Santa Marta debe asumir un liderazgo proactivo en la erradicación de todas las formas de violencia basada en género. Para lograrlo, es crucial trabajar en colaboración estrecha con la sociedad civil, aumentar la participación de las mujeres en la formulación de políticas públicas y coordinar esfuerzos para sacar a las mujeres de la pobreza, la informalidad laboral y el desempleo.

Para avanzar en la erradicación de las Violencias Basadas en Género, Santa Marta necesita:

  • Evaluar el estado actual de la política pública de las mujeres y la equidad de género en el Distrito de Santa Marta.
  • Convocar un Consejo de Seguridad Ampliado para implementar la declaratoria nacional de emergencia por Violencias Basadas en Género.
  • Forjar alianzas entre el Gobierno y la sociedad civil para diseñar e implementar acciones de política pública que promuevan la equidad de las mujeres, con un enfoque en la erradicación de la VBG.
  • Establecer un sistema de alertas tempranas para prevenir riesgos de violencia letal en contra de las mujeres.
  • Fomentar espacios de participación con una perspectiva de género, incluyendo la creación de una escuela distrital para la formación política de las mujeres.
  • Reforzar la supervisión del Sistema de Información para Medidas de Protección en Violencia Basada en Género (SIMEP), en colaboración con la Policía Metropolitana de Santa Marta, las EPS, IPS y otras autoridades competentes en materia de protección a víctimas de VBG.
  • Liderar una transformación en los servicios de salud para que respondan a las necesidades específicas de atención de las mujeres.
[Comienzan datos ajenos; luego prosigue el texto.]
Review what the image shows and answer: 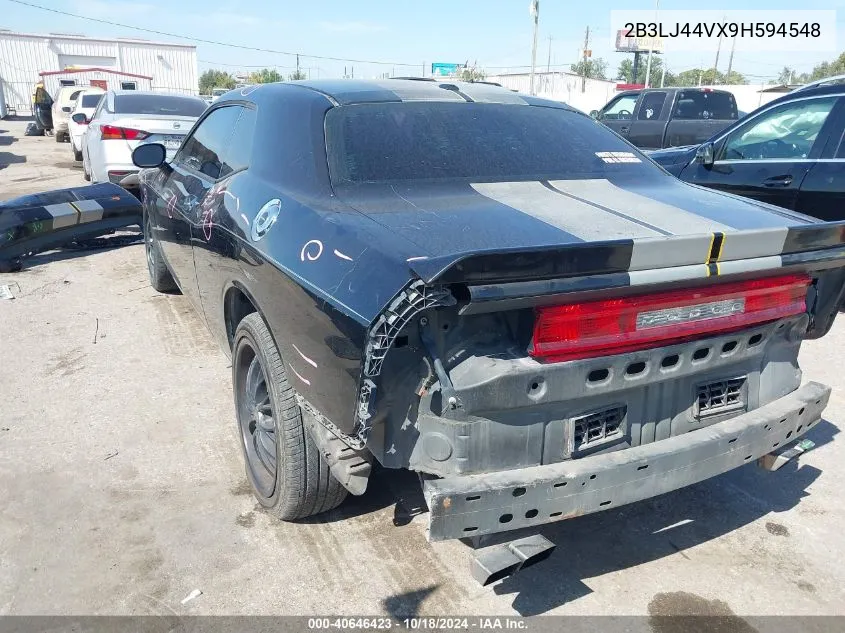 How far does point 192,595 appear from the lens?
2.48 metres

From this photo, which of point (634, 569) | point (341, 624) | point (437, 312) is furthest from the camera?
point (634, 569)

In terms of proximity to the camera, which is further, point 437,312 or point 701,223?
point 701,223

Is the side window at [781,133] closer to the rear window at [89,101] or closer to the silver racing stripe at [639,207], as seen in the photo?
the silver racing stripe at [639,207]

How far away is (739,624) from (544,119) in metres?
2.29

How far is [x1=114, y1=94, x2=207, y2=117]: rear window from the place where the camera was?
31.1 feet

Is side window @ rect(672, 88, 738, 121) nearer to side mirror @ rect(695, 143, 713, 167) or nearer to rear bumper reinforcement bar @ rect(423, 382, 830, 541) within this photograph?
side mirror @ rect(695, 143, 713, 167)

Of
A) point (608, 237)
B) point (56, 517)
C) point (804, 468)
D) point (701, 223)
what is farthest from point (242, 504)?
point (804, 468)

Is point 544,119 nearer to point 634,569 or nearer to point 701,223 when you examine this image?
point 701,223

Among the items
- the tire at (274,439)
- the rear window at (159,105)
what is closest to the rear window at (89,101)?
the rear window at (159,105)

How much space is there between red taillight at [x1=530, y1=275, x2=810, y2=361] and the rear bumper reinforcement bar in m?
0.35

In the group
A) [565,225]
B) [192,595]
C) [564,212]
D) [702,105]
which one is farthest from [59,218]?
[702,105]

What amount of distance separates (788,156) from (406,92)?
3.83m

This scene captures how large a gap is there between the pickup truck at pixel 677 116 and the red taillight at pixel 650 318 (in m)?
10.1

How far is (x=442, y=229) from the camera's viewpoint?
88.4 inches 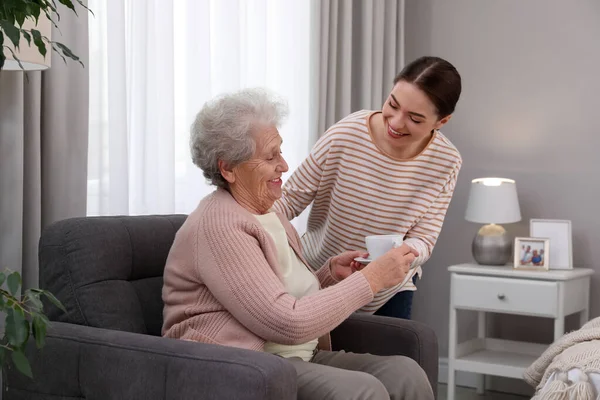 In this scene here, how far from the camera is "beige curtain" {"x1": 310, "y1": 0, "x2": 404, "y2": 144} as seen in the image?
368 cm

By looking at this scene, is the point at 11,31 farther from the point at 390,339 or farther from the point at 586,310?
the point at 586,310

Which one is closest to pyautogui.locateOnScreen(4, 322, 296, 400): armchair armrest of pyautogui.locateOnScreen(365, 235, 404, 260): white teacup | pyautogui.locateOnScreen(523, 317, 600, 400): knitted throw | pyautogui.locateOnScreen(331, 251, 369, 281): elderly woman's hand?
pyautogui.locateOnScreen(365, 235, 404, 260): white teacup

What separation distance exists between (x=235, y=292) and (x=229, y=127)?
41 centimetres

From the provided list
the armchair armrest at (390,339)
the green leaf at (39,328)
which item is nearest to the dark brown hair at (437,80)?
the armchair armrest at (390,339)

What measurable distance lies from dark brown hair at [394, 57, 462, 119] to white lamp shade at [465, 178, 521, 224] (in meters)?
1.51

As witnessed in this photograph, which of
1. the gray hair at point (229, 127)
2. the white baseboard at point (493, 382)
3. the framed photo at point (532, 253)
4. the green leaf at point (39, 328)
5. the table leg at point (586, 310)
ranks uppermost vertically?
the gray hair at point (229, 127)

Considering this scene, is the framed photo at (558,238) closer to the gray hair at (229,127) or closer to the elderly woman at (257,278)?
the elderly woman at (257,278)

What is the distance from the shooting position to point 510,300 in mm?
3641

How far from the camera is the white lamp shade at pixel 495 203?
381 cm

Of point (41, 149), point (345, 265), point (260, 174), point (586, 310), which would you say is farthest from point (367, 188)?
point (586, 310)

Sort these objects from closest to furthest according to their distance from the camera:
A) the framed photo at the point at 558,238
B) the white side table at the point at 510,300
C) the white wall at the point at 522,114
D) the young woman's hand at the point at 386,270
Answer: the young woman's hand at the point at 386,270 < the white side table at the point at 510,300 < the framed photo at the point at 558,238 < the white wall at the point at 522,114

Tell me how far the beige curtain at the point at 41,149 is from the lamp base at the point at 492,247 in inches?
78.1

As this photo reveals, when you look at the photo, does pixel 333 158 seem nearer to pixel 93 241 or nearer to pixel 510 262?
pixel 93 241

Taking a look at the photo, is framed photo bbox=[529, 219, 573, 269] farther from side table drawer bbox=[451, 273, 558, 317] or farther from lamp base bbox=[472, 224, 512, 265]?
side table drawer bbox=[451, 273, 558, 317] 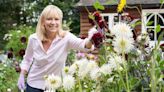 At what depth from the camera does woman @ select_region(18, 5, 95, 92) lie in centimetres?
384

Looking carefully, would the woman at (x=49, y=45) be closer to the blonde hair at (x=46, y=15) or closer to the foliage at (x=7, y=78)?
the blonde hair at (x=46, y=15)

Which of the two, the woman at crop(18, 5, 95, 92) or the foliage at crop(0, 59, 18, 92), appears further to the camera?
the foliage at crop(0, 59, 18, 92)

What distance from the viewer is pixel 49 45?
13.2ft

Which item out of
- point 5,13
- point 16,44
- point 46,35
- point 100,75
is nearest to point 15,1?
point 5,13

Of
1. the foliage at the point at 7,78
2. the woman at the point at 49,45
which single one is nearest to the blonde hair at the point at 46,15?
the woman at the point at 49,45

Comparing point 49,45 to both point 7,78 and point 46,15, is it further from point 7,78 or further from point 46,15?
point 7,78

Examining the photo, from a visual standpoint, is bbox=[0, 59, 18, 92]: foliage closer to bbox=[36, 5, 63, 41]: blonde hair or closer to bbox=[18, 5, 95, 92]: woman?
bbox=[18, 5, 95, 92]: woman

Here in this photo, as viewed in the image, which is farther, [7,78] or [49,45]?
[7,78]

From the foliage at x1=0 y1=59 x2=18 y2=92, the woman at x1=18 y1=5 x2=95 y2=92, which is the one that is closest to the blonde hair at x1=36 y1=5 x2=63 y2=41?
the woman at x1=18 y1=5 x2=95 y2=92

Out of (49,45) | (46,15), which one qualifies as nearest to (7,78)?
(49,45)

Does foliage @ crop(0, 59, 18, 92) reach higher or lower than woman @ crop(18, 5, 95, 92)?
lower

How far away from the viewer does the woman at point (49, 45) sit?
3.84 meters

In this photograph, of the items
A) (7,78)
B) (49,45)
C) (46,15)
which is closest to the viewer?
(46,15)

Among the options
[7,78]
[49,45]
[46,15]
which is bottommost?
[7,78] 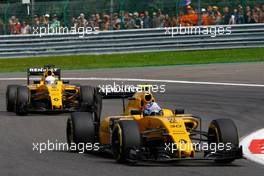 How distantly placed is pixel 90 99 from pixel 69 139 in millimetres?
5331

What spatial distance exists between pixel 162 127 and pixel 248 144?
2.32 meters

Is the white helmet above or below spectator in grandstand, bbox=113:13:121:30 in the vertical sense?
below

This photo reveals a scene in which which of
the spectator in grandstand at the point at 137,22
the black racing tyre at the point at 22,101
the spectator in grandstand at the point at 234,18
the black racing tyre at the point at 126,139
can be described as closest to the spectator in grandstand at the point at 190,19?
the spectator in grandstand at the point at 234,18

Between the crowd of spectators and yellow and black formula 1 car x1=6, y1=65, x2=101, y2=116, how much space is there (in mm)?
15519

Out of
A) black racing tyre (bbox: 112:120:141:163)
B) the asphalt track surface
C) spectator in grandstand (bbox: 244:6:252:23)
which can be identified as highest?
spectator in grandstand (bbox: 244:6:252:23)

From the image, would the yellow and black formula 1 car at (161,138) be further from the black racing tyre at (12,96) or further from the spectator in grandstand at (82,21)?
the spectator in grandstand at (82,21)

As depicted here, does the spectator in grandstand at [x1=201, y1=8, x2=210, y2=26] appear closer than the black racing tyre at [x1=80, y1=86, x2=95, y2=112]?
No

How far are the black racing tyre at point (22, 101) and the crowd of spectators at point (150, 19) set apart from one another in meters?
16.1

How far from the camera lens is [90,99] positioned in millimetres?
18750

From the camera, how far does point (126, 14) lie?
35.7 m

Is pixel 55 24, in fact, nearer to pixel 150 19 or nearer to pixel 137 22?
pixel 137 22

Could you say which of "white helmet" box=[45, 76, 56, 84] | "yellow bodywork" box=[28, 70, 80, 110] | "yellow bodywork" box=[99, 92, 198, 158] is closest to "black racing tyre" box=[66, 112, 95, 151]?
"yellow bodywork" box=[99, 92, 198, 158]

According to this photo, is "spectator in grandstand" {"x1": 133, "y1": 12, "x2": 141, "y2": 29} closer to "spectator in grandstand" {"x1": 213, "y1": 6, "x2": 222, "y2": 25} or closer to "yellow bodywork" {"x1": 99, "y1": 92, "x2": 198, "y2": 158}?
"spectator in grandstand" {"x1": 213, "y1": 6, "x2": 222, "y2": 25}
Esto incluiría habilitar unidades y centros de salud con enfoque en la promoción de los Derechos Sexuales y los Derechos Reproductivos, así como la prevención y atención de la salud sexual y reproductiva desde una perspectiva de Derechos.
  • Mejorar los sistemas de registro y monitoreo para identificar la frecuencia, modalidad, georreferenciación y características de las violencias contra las mujeres en Santa Marta, con el fin de diseñar intervenciones basadas en evidencia.
  • Diseñar un plan de capacitación en la atención integral para las víctimas de violencias de género en el Distrito, dirigido a servidores y funcionarios públicos.
  • Establecer acciones afirmativas para la permanencia de las mujeres en el sistema escolar, incluyendo estrategias diferenciadas y con perspectiva de género para la continuidad educativa de adolescentes embarazadas (residencias escolares, transporte, modelos educativos flexibles, entre otros).
  • Incluir medidas específicas para la prevención de violencias, especialmente sexuales, en entornos escolares en el plan de acción del Comité Distrital Interinstitucional de Convivencia Escolar, y capacitar a toda la comunidad educativa en la activación de rutas de atención.
  • Aumentar el número de psicólogos y orientadores educativos en las Instituciones Educativas Distritales.
  • Generar conocimientos actualizados sobre las brechas de género en el mercado laboral e implementar un plan para reducir la feminización de la pobreza, mediante el aumento de transferencias monetarias a hogares con jefatura femenina en situación de vulnerabilidad, asignación de subsidios para el mejoramiento de viviendas con enfoque de género y reconocimiento de incentivos tributarios a empresas que fomenten la inclusión de mujeres vulnerables.
  • Diseñar la estrategia de emprendimiento y empleabilidad para promover la autonomía económica de las mujeres.

Esta estrategia debería facilitar el acceso a créditos y financiación, ofrecer formación en desarrollo empresarial y formalización, promover intercambios comerciales y acceso a mercados locales, nacionales e internacionales, empoderar políticamente a las mujeres emprendedoras y empresarias, y crear un entorno favorable para los negocios.

  • Mejorar los servicios de cuidado y atención para niños y niñas.
  • Promover un proyecto ante la Sociedad de Activos Especiales para establecer 6 «Casas de la Mujer Samaria», que actúen como centros coordinadores de la oferta social dirigida a las mujeres. Estos espacios deberían ofrecer servicios descentralizados en salud, formación política, desarrollo de habilidades para la vida, capacitación laboral y apoyo integral.

Santa Marta tiene la responsabilidad de liderar la lucha por la erradicación de todas las formas de violencia contra las mujeres.